Getting Better at Design and Crisis Mapping

I’m really (REALLY) excited today. Today I get to announce that two amazing individuals who have been long-time Ushahidi community members are joining the team to help with areas that we have a great need for their expertise in.

First though, a big thank you to the Cisco Foundation. Through their generous grant, we have been able to focus on developing certain features into the Ushahidi application, many of which require the expertise of Patrick and Caleb (below). The funding of Ushahidi’s core team, which serves to shepherd its growth, community and core architecture, has been a critical need that we have been fortunate to have filled by partners like the Cisco Foundation, Humanity United, MacArthur Foundation, Knight Foundation and OSI.

Patrick Meier: Crisis Mapping

Patrick MeierThere has been such remarkable demand for Ushahidi that we needed someone with professional experience in the humanitarian field and a sound understanding of crisis mapping to manage strategic partnerships and help take Ushahidi to the next level. Almost everyone in this space knows Patrick (via his iRevolution and Conflict Early Warning blogs), and he brings this skill-set along with plenty of energy to Ushahidi.

Patrick is no stranger to Ushahidi. He provided us with important guidance from day one, which is why we asked him to join our Board of Advisors early on. He comes to us with considerable experience in the field of conflict early warning and crisis mapping, having consulted extensively with major international organizations around the world. He co-directs the Program on Crisis Mapping and Early Warning at the Harvard Humanitarian Initiative (HHI) and recently co-founded the International Network of Crisis Mappers (CM*Net) which was launched at the first International Conference on Crisis Mapping (ICCM) which he co-organized.

At Ushahidi, Patrick is working with the rest of the team to ensure that we remain at the cutting edge of crisis mapping and scale in a big way. His responsibilities include data visualization, crisis mapping analysis, Swift River and the management of strategic partnerships with major international organizations in the humanitarian, human rights and media space. We will also rely on Patrick to help us identify new opportunities as we continue to grow.

Like all of us at Ushahidi, Patrick has African roots. He was born in Cote d’Ivoire and raised in Kenya. He has also worked in Ethiopia, Morocco and the Sudan.

Caleb Bell: Design

Caleb is a designer that answered my call (plea?) for help back in the early days of Ushahidi. At that time we badly needed someone to help us do some backend design for the admin area of the application.
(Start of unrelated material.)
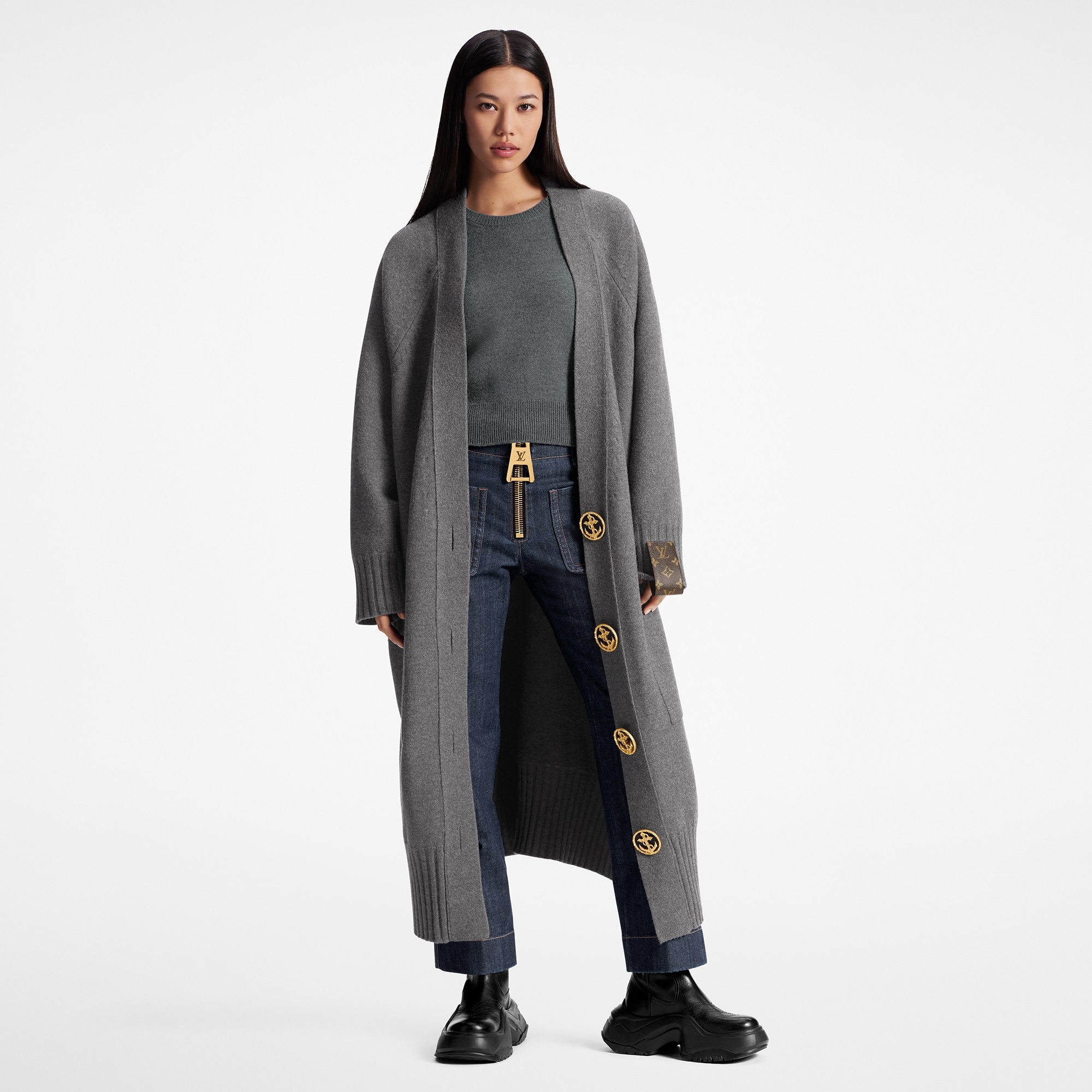 Oversized Detail Long Cardigan - 2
He was game and within a couple days we had a working system that we could expand and grow off of easily. Since then, he’s been involved in our first annual strategic tech meeting and a couple side-projects for Ushahidi, all along making sure our app looks pretty… :)
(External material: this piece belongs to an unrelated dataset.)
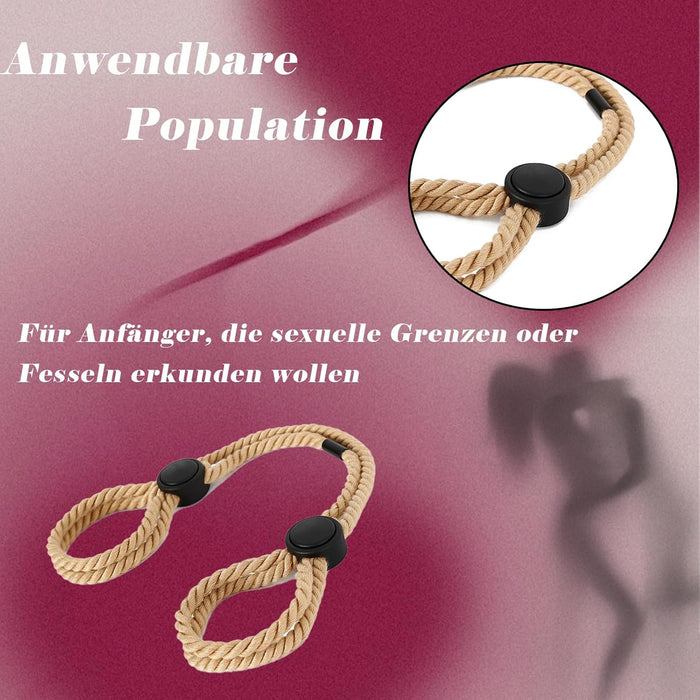 Pradinių BDSM virvių rinkinys – prisirišimų komplektas su rankogaliais ir reguliuojamais dirželiais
Caleb hacking a newer design for Ushahidi
[That's Caleb working on concepts for a new, simpler and skinnable frontend UI for Ushahidi.]
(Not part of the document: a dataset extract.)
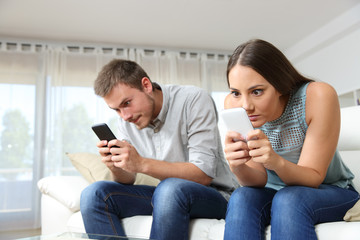 Sticker - Obsessed couple with their smart phones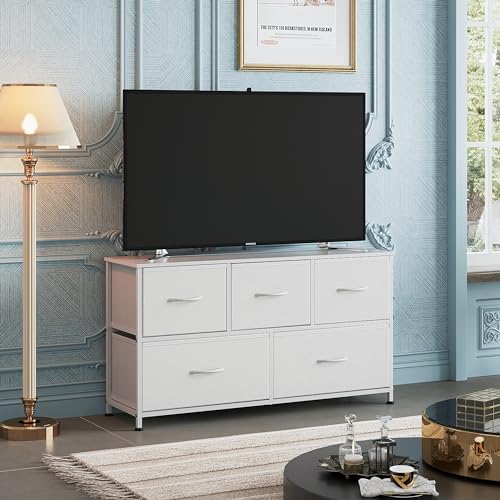 5-Drawer Wide Storage Dresser Chest with Fabric Bins & Wood Top - White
Like most everyone else, Caleb also grew up in Kenya and has an understanding of designing for the challenges that Africa can provide. He’s got a couple roles at Ushahidi:

  • First, developers no longer need to worry about the look/feel of their work. They can focus on functionality and Caleb will integrate the changes into the UI for both the admin area and the frontend.
  • Second, Caleb will help me with keeping the organization’s site updated, especially as we work to put a real CMS behind it.
  • Third, he’ll be working with Juliana and the teams involved with the end-user community, where he’ll help with creating materials that can be used for marketing and messaging around new deployments of Ushahidi all over the world.

Please join me in welcoming Patrick Meier and Caleb Bell to Ushahidi!

11 Responses to “Getting Better at Design and Crisis Mapping”

  1. Hey, I’m very impressed with your platform. In fact I’m thinking of using it on a project.

    One further areas that need work in my opinion (although I have to stress i have only looked at current live implementations and not downloaded it yet)

    ‘Service discovery’ seems to be an issue. None of the live examples seem to be very active or have many current updates. And I think I know why. Many people out there on the ground don’t know of the service and even if they do it’s not top of mind. Thats because even though mobile are ubiquitous, mobiles without modern browsers are crap at exposing users to the right services (unlike sitting in front of your laptop).

    I am wondering what could make a difference and thinking, should you not integrate this with the Twitter API (and perhaps Facebook connect). Would that not make it easier and present opportunities for viral spread of the use of Ushahidi?

  2. Woah !!! This is really good news – both Caleb and Patrick have been great to the team and I look forward to some great strides in the next year :)

  3. Ory Okolloh

    Wessel, excellent point. We have spent much of the year focusing on software rebuild and design, we are now shifting our focus towards community engagement and helping implementers “market” their deployments, share their experiences etc.